The method works as follows: a single-photon detector is stimulated by a weak (less than 1 photon per pulse) periodic pulsed optical source with constant mean optical power per pulse. The optical source is synchronous with a repetitive electrical signal. The repetitive electrical signal can be controllably delayed in time by small increments over a range of time that spans the region of interest in the detector’s output. In the method, a voltage change, or “edge,” in the repetitive electrical signal is compared, using high-speed, low-jitter electronics, to the detector’s output. This comparison is carried out with a “decision circuit” that determines whether the detector’s output occurred before or after the electrical edge. The decision circuit reports the result of each comparison by outputting one of two types of countable electrical pulses that represent whether the decision circuit decided that the detector’s output arrived either “before” or “after” the arrival of the electrical edge. These output pulses are counted and the sum for each delay setting is normalized to the amount of time that each delay setting is held. As the electrical edge is stepped, using the controllable delay, across the distribution of the detector’s temporal response, the normalized counts per unit time of the pulses from the decision circuit trace out shapes that as the detector’s output occurs, at first, always after, and eventually, always before delayed voltage change. These shapes represent a convolution of the detector’s jitter and the uncertainty and variation in the decision circuit/voltage change system.

The main features of this method are that the uncertainty and variation in the decision circuit and voltage change can be low, well below 1 picosecond, the step size in the controllable delay can be small (in the femtosecond range), and the dwell time at each delay setting can be long (10s of seconds).

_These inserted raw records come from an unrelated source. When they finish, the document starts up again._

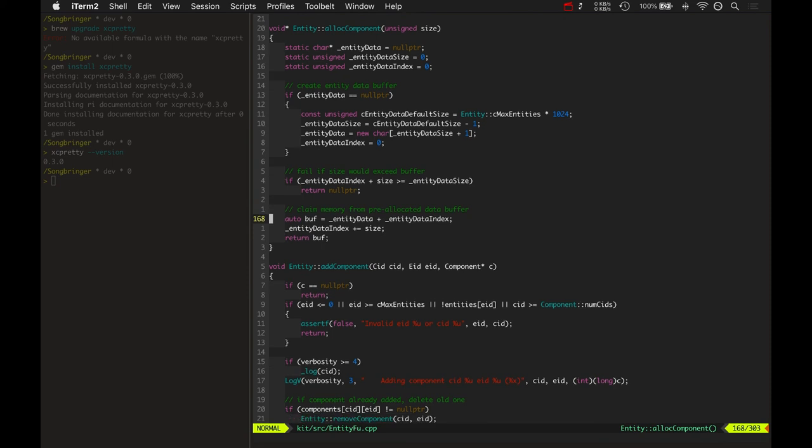But for now, I think this is a very good thing, to have all of the data for a certain entity all in one little place. Keeps it really good, hopefully, for the L1 cache, the L2 cache, stuff like that. I'm not sure how to prove that. If anybody is watching this and you know how to prove that, you know how to profile that kind of stuff, I'd love to learn. Please send me a comment.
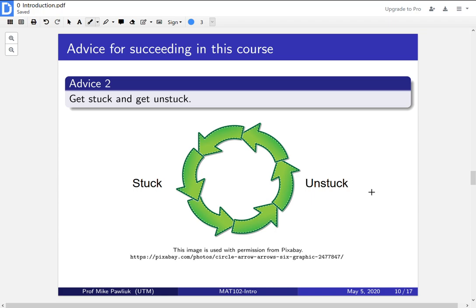Solving a math problem means you're going to get stuck, think about what's blocking you, get unstuck, then get stuck in a new place — and proceed through this cycle over and over. This is what it means to do mathematics. You're going to constantly feel kind of stuck and unsure, but every time you get stuck, that is an opportunity to learn something. Get stuck and try your best to get unstuck — typically by writing down explicitly what you need, or by asking someone for help. In the next video, we'll see the next five pieces of advice.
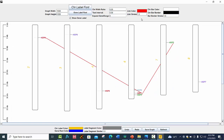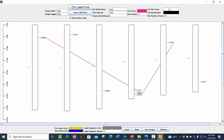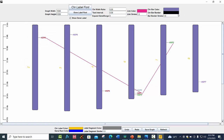You can also change the link color, and you can also change the chromosome bar color and chromosome border color.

This method can only be used with repetitive signals; it is based on the notion that there is a large ensemble of events that are distributed in time. The method is a means to characterize that distribution. Other limitations of this method are related to stably maintaining, for each delay setting, the timing between the electrical edge and the detector’s optical stimulus. Variations of this type can be induced on a relevant scale (in the femtosecond range) by temperature changes in the circuitry, as well as other sources of instability.